5.

2.4K 216 19
                                    

Rafa diam saja nggak langsung menanggapi pertanyaan Dio.

Maka Dio berkata lagi, "Gimana. Ada apa lo ke sini."

"Lo berani-beraninya tadi masuk ke kelas gue," balas Rafa nggak berpikir.

Kata Dio, "Sejak kapan kelas lo nggak boleh disamperin, sok penting."

Dio mengerti MIPA satu itu kelas unggulan, terus kenapa. Itu cuma nomor, kelasnya sama saja seperti kelas yang lain.

"Ya lo ngerusak properti sekolah. Lo apain bangku gue," Rafa menuntut.

"Gue apain bangku lo?" ulang Dio, "kenapa lo nanya sesuatu yang udah jelas."
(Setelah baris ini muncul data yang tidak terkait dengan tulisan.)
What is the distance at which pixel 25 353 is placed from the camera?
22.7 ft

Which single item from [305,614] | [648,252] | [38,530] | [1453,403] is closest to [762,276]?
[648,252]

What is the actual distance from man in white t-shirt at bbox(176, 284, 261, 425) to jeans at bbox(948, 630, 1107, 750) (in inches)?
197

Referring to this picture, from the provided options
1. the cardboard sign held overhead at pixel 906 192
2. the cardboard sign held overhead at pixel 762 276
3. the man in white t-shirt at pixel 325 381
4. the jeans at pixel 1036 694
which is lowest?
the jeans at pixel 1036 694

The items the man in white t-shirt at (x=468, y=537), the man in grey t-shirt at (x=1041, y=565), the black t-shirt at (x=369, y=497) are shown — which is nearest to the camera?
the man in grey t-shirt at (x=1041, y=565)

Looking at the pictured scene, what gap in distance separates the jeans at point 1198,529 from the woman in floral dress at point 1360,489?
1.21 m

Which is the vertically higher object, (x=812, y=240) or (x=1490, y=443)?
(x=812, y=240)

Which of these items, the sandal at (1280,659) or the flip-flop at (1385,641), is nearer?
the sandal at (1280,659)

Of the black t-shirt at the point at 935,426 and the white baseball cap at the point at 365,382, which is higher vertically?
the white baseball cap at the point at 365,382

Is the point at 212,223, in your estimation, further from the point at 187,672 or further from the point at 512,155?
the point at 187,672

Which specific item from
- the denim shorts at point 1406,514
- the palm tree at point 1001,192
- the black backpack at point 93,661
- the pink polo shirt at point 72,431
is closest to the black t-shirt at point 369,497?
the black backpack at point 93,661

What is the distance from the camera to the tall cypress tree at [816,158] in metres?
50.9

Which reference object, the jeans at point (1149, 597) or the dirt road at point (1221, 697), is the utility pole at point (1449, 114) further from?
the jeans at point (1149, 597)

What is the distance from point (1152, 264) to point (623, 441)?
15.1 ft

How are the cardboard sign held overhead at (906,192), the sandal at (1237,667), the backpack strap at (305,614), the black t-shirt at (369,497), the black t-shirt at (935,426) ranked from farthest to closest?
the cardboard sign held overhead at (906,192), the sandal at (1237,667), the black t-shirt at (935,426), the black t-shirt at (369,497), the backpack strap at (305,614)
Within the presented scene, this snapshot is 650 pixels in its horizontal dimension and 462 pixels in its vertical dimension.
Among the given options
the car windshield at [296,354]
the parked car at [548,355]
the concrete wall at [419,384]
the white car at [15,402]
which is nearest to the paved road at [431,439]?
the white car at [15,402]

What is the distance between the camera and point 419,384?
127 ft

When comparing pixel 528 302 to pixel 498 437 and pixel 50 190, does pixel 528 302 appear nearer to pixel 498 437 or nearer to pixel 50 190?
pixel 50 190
"Berengsek lo," sahut Rafa.

Dio mengangguk, "Sama kayak lo. Sadar lo kemarin malah ngacauin knalpot gue."

Rafa mendengus. Dio diam saja menatap Rafa.

Kemarin Dio jadi harus ke bengkel buat membuka knalpotnya dan mengeluarkan semua biji jagung di dalamnya.

Menguras amarah tapi Dio memang bawaannya nggak peduli serta kalem. Dio nggak menyangka ternyata Rafa punya sifat bergejolak nggak seperti dia.

Si Rafa kalau bicara cukup banyak sekaligus ekspresif. Seperti saat ini Rafa bahkan menghampiri Dio di kelasnya cuma untuk mengajak ribut.

Kemarin juga. Rafa muncul begitu saja di dekat lab Biologi saat Dio berada di situ waktu jam istirahat. Nggak lain tujuan Rafa adalah untuk mencemooh Dio.

Padahal Dio mengira kalau Rafa pendiam, ternyata enggak. Dio merasa menemukan sisi lain dari Rafa yang selama ini memang nggak dikenalnya.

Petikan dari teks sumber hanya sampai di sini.